Whisper was built around the idea of helping people to combine images and text of their secrets, and then share them with others . Sort of like a mobile version of long-running site Post Secret, Whisper allows users to express themselves freely, without having to worry about being judged or what others might think about them.
But the latest version is designed to make it not only easier to create Whispers, but also to find those on topics that interest you. The new Whisper create flow simplifies the process, allowing you to type in whatever you want to share, and then it’ll suggest a relevant photo for you that it has found. If you don’t like it, you can search for others or add one from your own image library.
All of that should encourage users to create more Whispers of their own. But like most apps, the vast majority of Whisper users are consuming content rather than creating it. For them, the whisper’s appeal lies in the ability to read other people’s secrets.
Since being launched earlier this year, Whisper has grown pretty rapidly. It now has more than 3 billion page views per month, up from 1.5 billion in May. And users typically spend upwards of 30 minutes a day getting sucked into reading other people’s secrets.

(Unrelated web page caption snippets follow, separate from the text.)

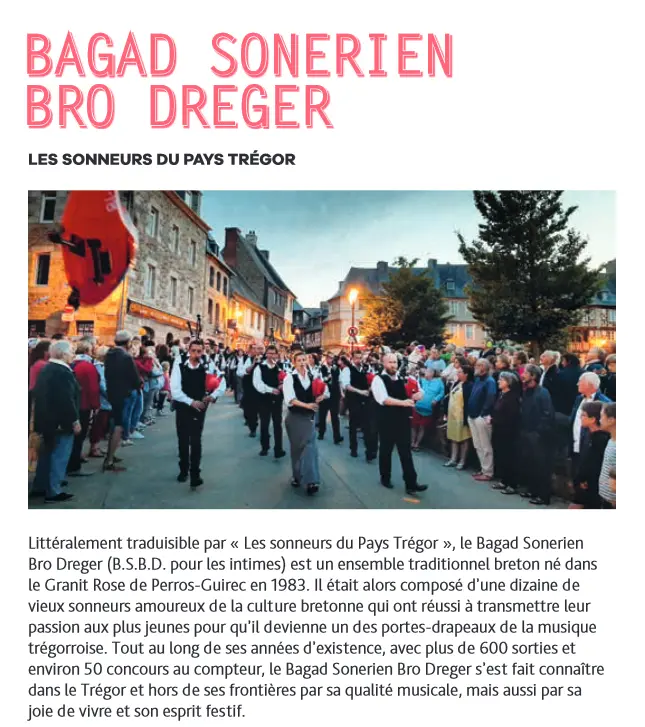 Mercredi en fête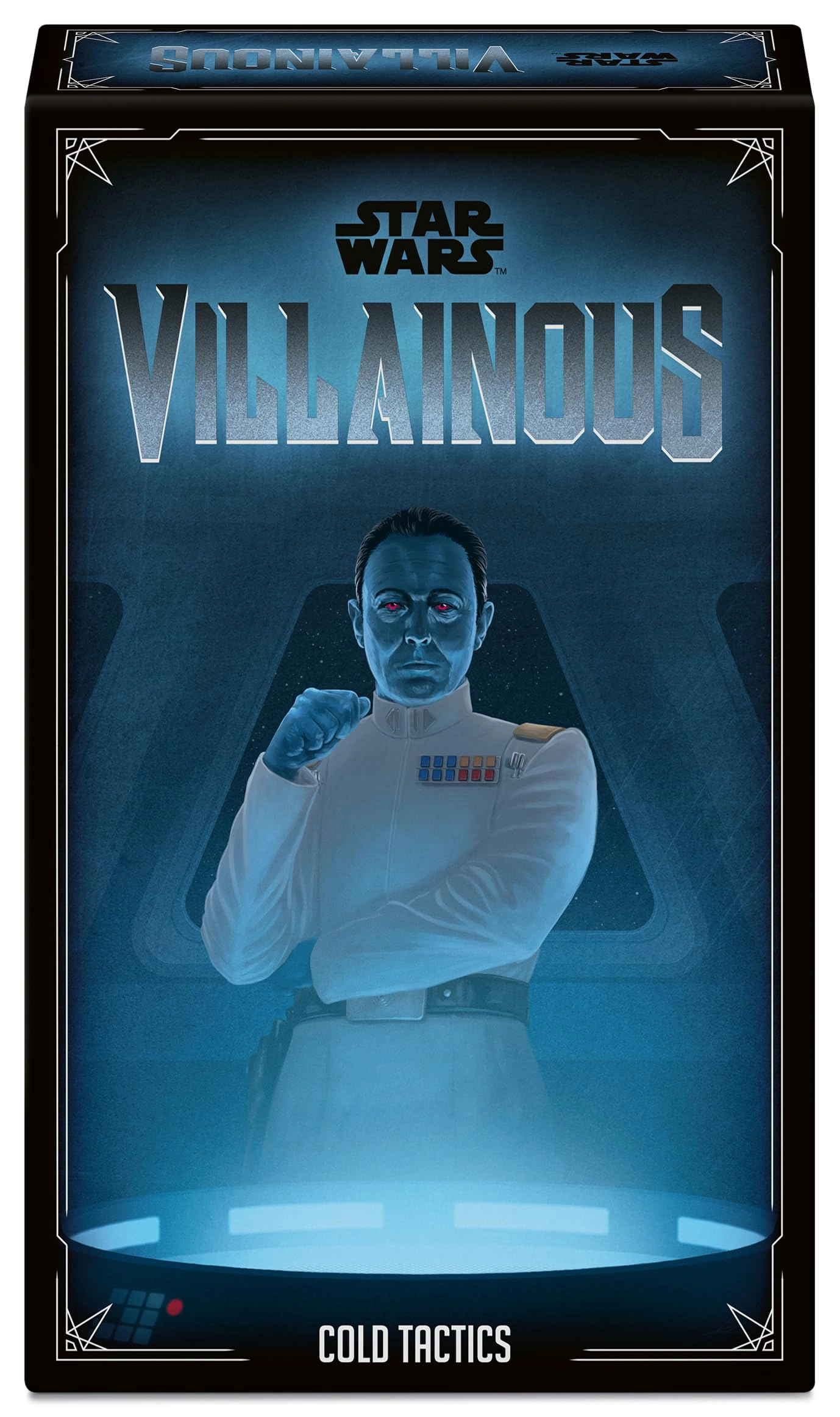 Ravensburger Star Wars Villainous: Expandalone 2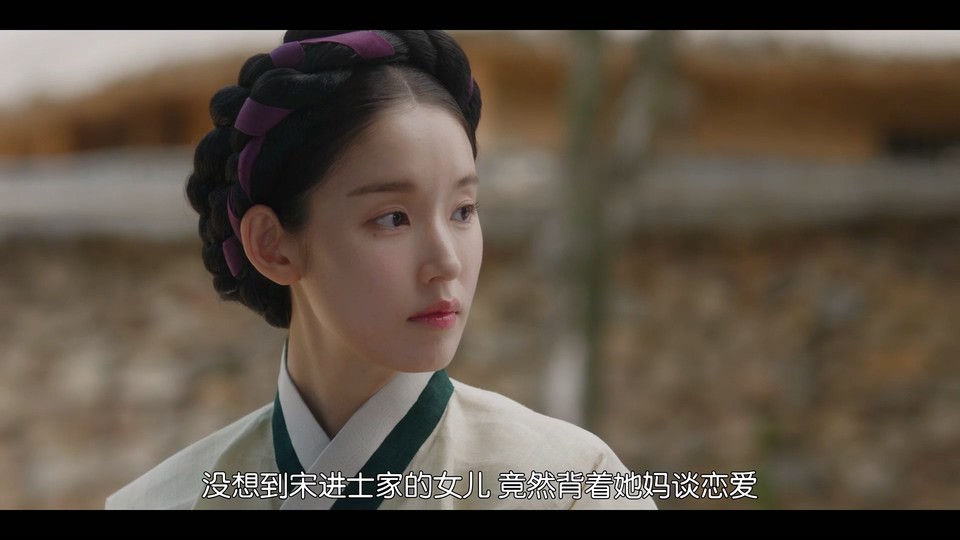 婚礼大捷剧照
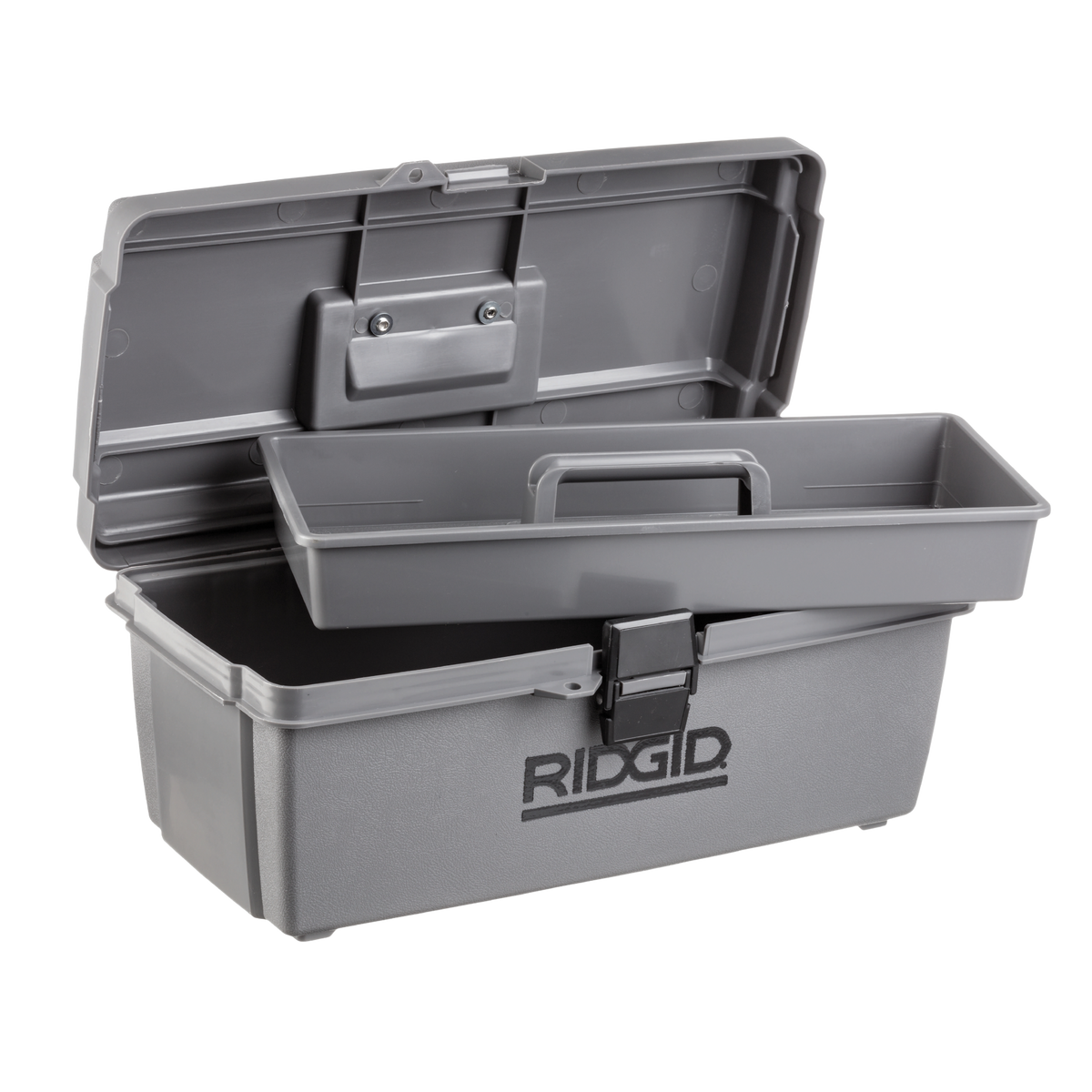 RIDGID 59360 A-3 Tool Box RIDGID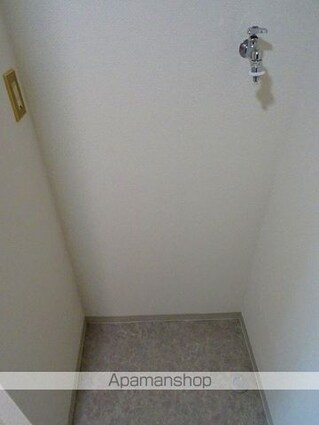 アップルハウス六十人町[1K/16m2]の内装4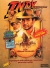 Indy: Indiana Jones y la Ultima Cruzada Box Art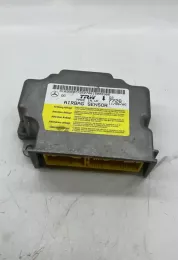 A1698027282 блок управління airbag (srs) Mercedes-Benz B W245 2008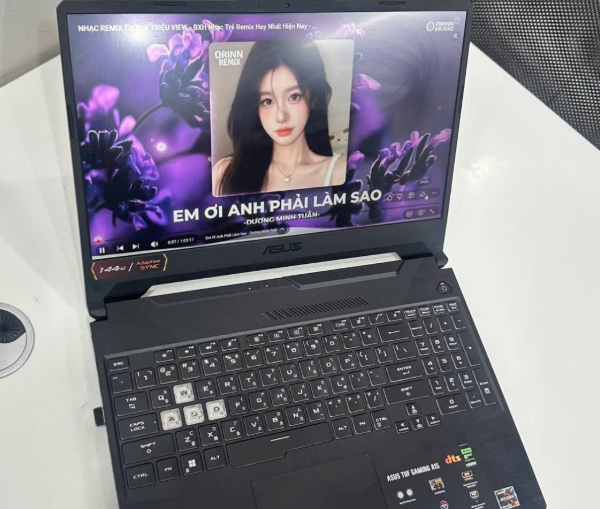 Laptop được định giá thu mua như thế nào Laptop được định giá thu mua như thế nào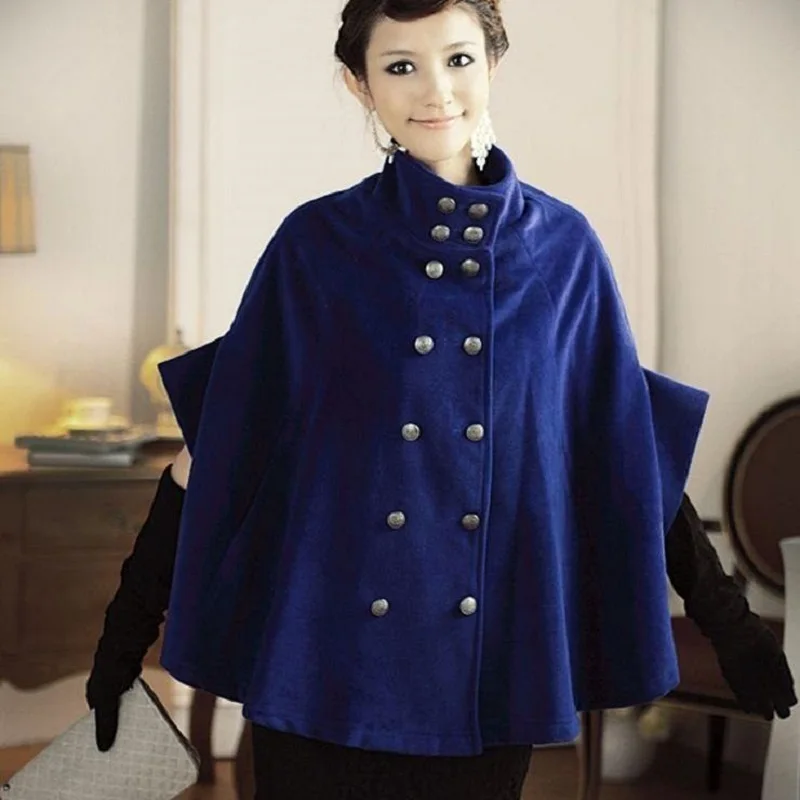 jacket blue Новинка; сезон весна-осень; куртки для беременных в стиле летучей мыши; накидка для беременных; верхняя одежда; пальто; 16796 - Цвет: jacket blue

Before, they were stuck with just three options: The most recent Whispers, the most popular Whispers, and those posted nearby. But now users will be able to access a lot more.
“Before, [Whisper] was a big river of content coming through, but it was a lot of noise,” Whisper CEO Michael Heyward told me in a phone conversation. “It was challenging to give different types of people different types of content.”
The updated app now has the ability to search and browse Whispers based on topics, allowing users to dig deep into the things they most care about. To do that, Whisper had to do a bunch of work on the back end to break Whispers down into the relevant topics that they talk about.
There are more than 1 million different topics to choose from, and those topics are displayed at the bottom of each Whisper that you view. So if you searched for or stumbled on a Whisper about death, then you could follow that topic and see other related Whispers.
“We’re adding this whole other dimension to the product,” Heyward said. He asked us to imagine, for instance, what YouTube would be like if it were just a stream of the newest or most trending videos. Now Whisper will no longer be operating under similar constraints.
The addition of topics, and the fact that now every Whisper will have them, could also make those secrets available to outside developers as well. Heyward said that the introduction of new features could have major implications for a potential API, if Whisper wanted to make one available.
Whisper, which is based in L.A., now has 30 employees. The company has raised a total of $24 million from investors that include Sequoia Capital, Lightspeed Venture Partners, Trinity Ventures, Shoedazzle founder Brian Lee, and Flixster’s Joe Greenstein.